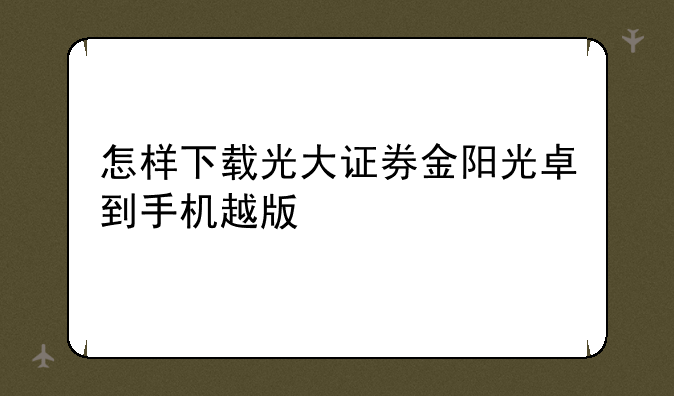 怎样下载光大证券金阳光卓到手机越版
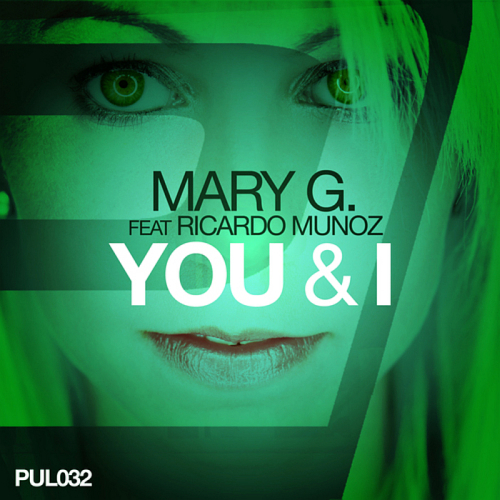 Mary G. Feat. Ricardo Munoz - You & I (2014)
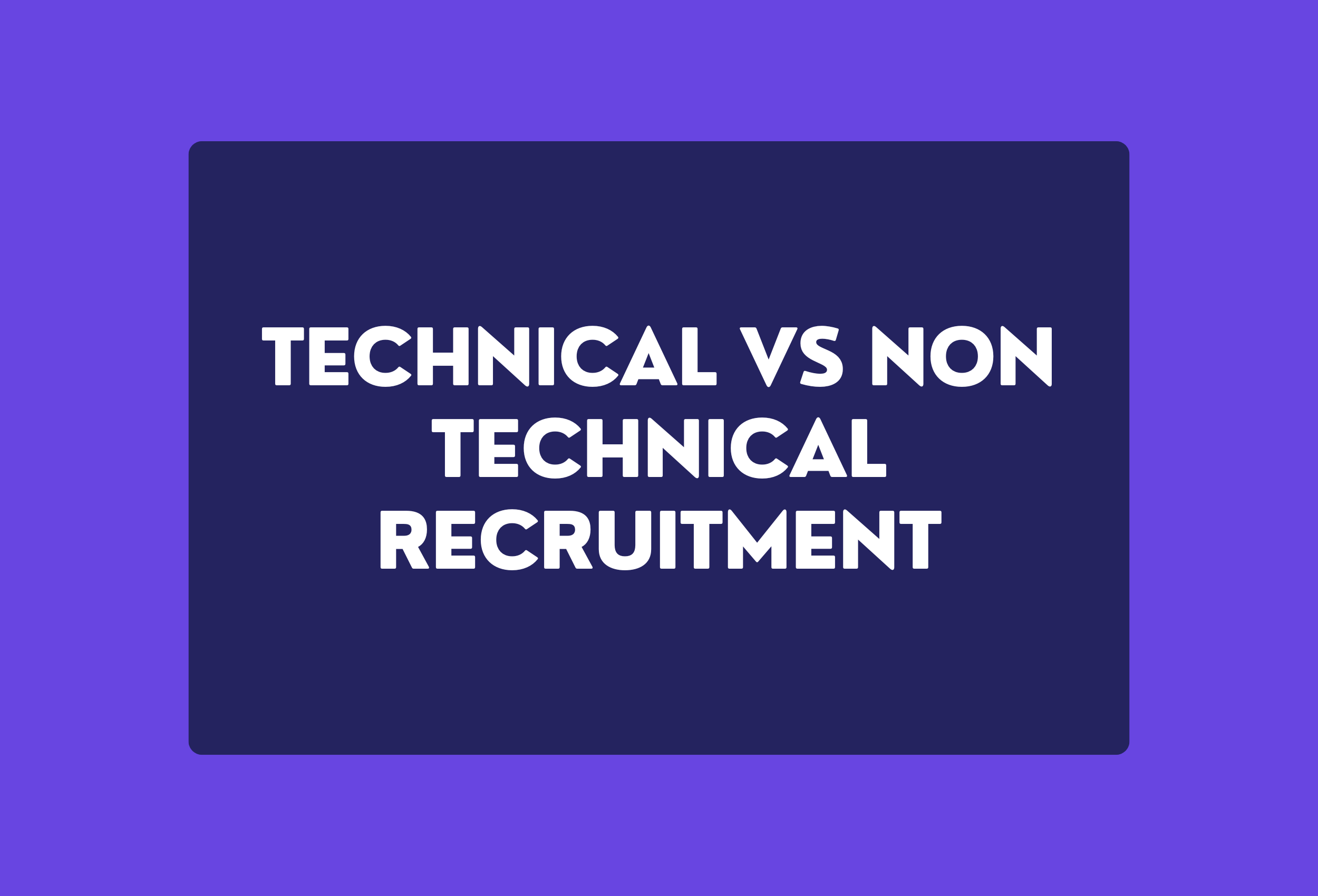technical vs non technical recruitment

◇ ◇ ◇ ◇ ◇

## WHAT IS REQUIRED
Retype all of the material above exactly; the pictures stay out.

## ANSWER TO THIS TASK
 怎样下载光大证券金阳光卓到手机越版
 Mary G. Feat. Ricardo Munoz - You & I (2014)
technical vs non technical recruitment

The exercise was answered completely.